I’d already combed through the 464 pages of the fall course catalog, searching for classes to teach me how other industries were using processes, systems and technology to transform their work. With so much to choose from, I wasn’t worried about filling a schedule. I knew I would find something that aligned with my study plan. After all I had a ‘short’ list of roughly 25 classes. (OK, I might have been trying too hard.)
The problem was my fear of not finding the right classes, of missing out on something or somehow not getting enough out of my precious time on campus. Could I follow the sign’s advice and just let go? It didn’t take long to find out.
At our very first orientation meeting, I spotted a poster on the way to tour Burton Memorial Tower: “Bells on the brain? Take Carillon 150. Play the U-M bell towers!”
The University of Michigan has two carillons out of only 600 in the world, one in the middle of Central Campus in Burton Tower and one in the Ann & Robert H. Lurie Tower on North Campus. And heck yeah, I wanted to play them.
The other students – a mix of about 20 graduate and undergraduate students – weren’t just music majors. They were studying everything from engineering and public health to community action and social change. We all had some kind of music training or background before signing up for carillon.
All the years of piano lessons and band had set me up for this opportunity, but the carillon required learning new techniques, like coordinating hands and feet, and setting aside time to experiment with new sounds and strengthen new skills.
Once I started spending time in the carillon practice rooms, I realized I had forgotten what it was like to learn something new – to have a beginner’s mind.

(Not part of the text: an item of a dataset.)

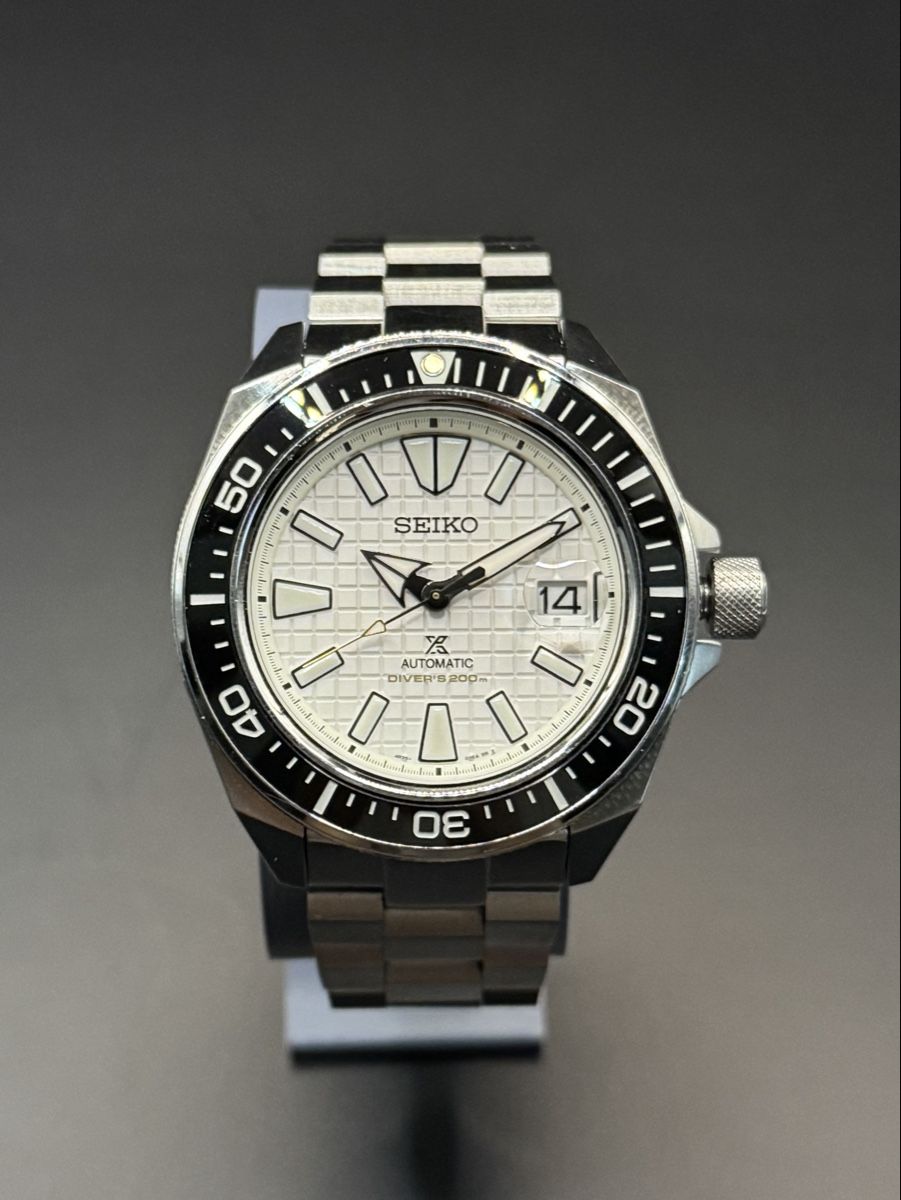 Seiko Uhren: Seiko Prospex King Samurai Strapcode + OEM Strap | Full Set – Gebraucht aus Niederlenz von chr.stella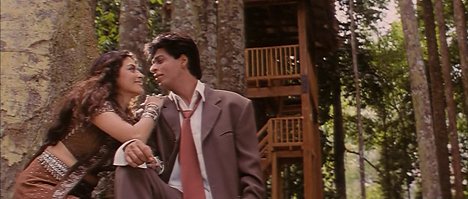 Juhi Chawla, Shahrukh Khan - One 2 Ka 4 - Z filmu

It was fun. It was humbling and frustrating at times. It was also unexpectedly restorative.
Taking that first leap into the carillon class gave me the courage to try several other seemingly risky classes. I joined a team of mechanical engineering and design science students in a class in which we had to take a physical product from idea to prototype to verification through a series of analytical design processes. It was a crash course in engineering analysis and creativity and also design, psychology, marketing and economics. I learned quantitative methods for idea generation and selection, evaluating designs and anticipating failure modes in designs. In the process of applying those models to my team’s project, I gained new frameworks for thinking about how to create stories and news products.
I took a course where I learned about electronic health records systems and public health records, and the issues surrounding deployment and development of health technology. I have a new appreciation for the planning that goes into software rollouts, launches and upgrades having heard from professionals who manage technology that provides critical care for human beings.
By the time winter semester started, I was ready for more challenges. Someone recommended a course that was an introduction to rocket science.
That’s right, rocket science! Rocket Science might seem like an unusual choice for a journalist, but its language permeates the way our technology –oriented culture describes product development and innovation work: moonshots, launches, missions. And it encapsulated everything that I aimed for as a Fellow – to stretch and reach for new discoveries. To understand more fully why journalism is the work I had devoted my career to, to embrace others who are on the same mission and lift them up, too.
Oh, yeah, and to have a little fun.
The time in practice rooms, in classes, and with other Fellows and my family helped me start letting go of old patterns and routines. Learning a new instrument – or new technology – or taking on a new role requires practicing, stretching into a new repertoire and strengthening new skills.
Now that our time together in Michigan has ended, I think I’ve found the secret equation to the fellowship. It isn’t really about any one class or the specifics of the study plan. It’s about escaping the atmospheric distortion of the day-to-day journalism grind so you can see in different ways and explore new possibilities with a little less gravity. I’m excited to keep exploring – to let go and see what happens.
Sharilyn Hufford ‘19 is Deputy Editor, Platforms, for The New York Times.